Generically, the effective Lagrangian contains all possible couplings of the fields to each other that aren't forbidden by a symmetry of the Lagrangian we started with, and so the "adjustable parameters" that the post you link talks about become a list of coupling constants - e.g. for $\phi^4$ theory, we get a coupling $\lambda_{2n}(\Lambda')$ for each even number of fields. The choice of $\lambda_{2n}(\Lambda')$ that produces the same scattering amplitudes as our original theory are the correct choice (because a theory whose scattering amplitudes differed would obviously be a different theory), so the "quantity invariant under renormalization" is "just" the S-matrix, not some high-level observable property. There are interesting observations to make that of all the possible $\lambda_{2n}(\Lambda')$, only a few - namely the "renormalizable" and "super-renormalizable" - are relevant at $\Lambda'\ll \Lambda$ (but this is another technical argument I don't want to add here), so if we suppose that the "natural" $\Lambda$ is very high, this can explain why only renormalizable QFTs seem to be relevant for describing our universe at the "low" energy scales $\Lambda'$ at which we're looking at it.

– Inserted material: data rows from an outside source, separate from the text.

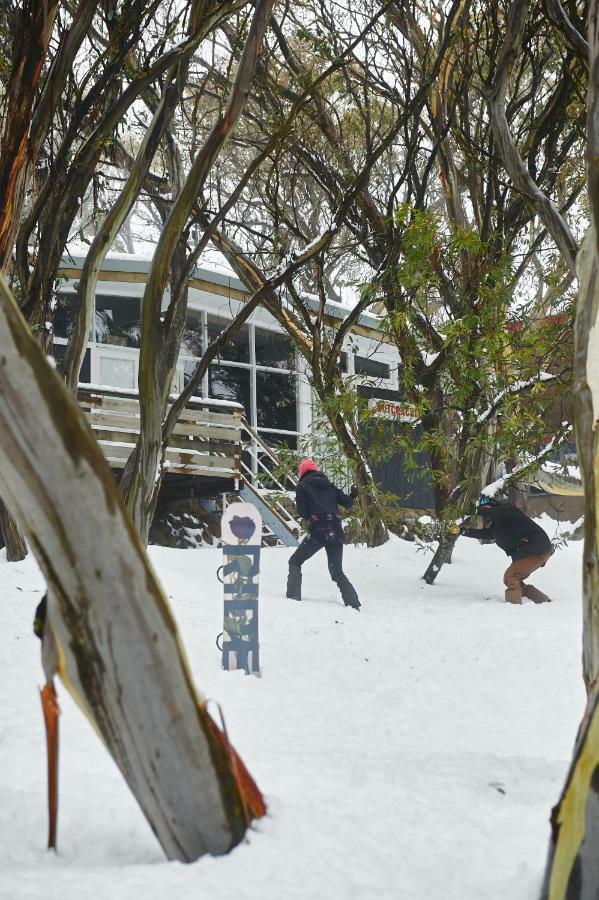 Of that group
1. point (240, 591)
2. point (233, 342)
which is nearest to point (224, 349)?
point (233, 342)

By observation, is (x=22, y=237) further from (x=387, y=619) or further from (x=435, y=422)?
(x=435, y=422)

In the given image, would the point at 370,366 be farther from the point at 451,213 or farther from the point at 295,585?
the point at 295,585

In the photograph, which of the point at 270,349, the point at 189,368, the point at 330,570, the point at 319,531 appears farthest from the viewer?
the point at 270,349

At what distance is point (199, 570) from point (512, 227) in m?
6.23

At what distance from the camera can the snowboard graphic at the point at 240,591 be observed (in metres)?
6.77

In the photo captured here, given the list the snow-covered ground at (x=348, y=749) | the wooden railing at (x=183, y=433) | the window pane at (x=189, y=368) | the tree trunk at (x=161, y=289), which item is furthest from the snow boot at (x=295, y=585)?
the window pane at (x=189, y=368)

Lastly, let me remark that this Wilsonian view on renormalization is not universal - this is a nice conceptual view, but in practice "integrating out Fourier modes in the path integral" might be a bit of a hassle. Other renormalization schemes exist, and while they will also have a "cutoff" (more generically call "renormalization scale") $\Lambda$, their running couplings $\lambda_{2n}(\Lambda')$ will not agree with Wilsonian renormalization beyond leading order in perturbation theory.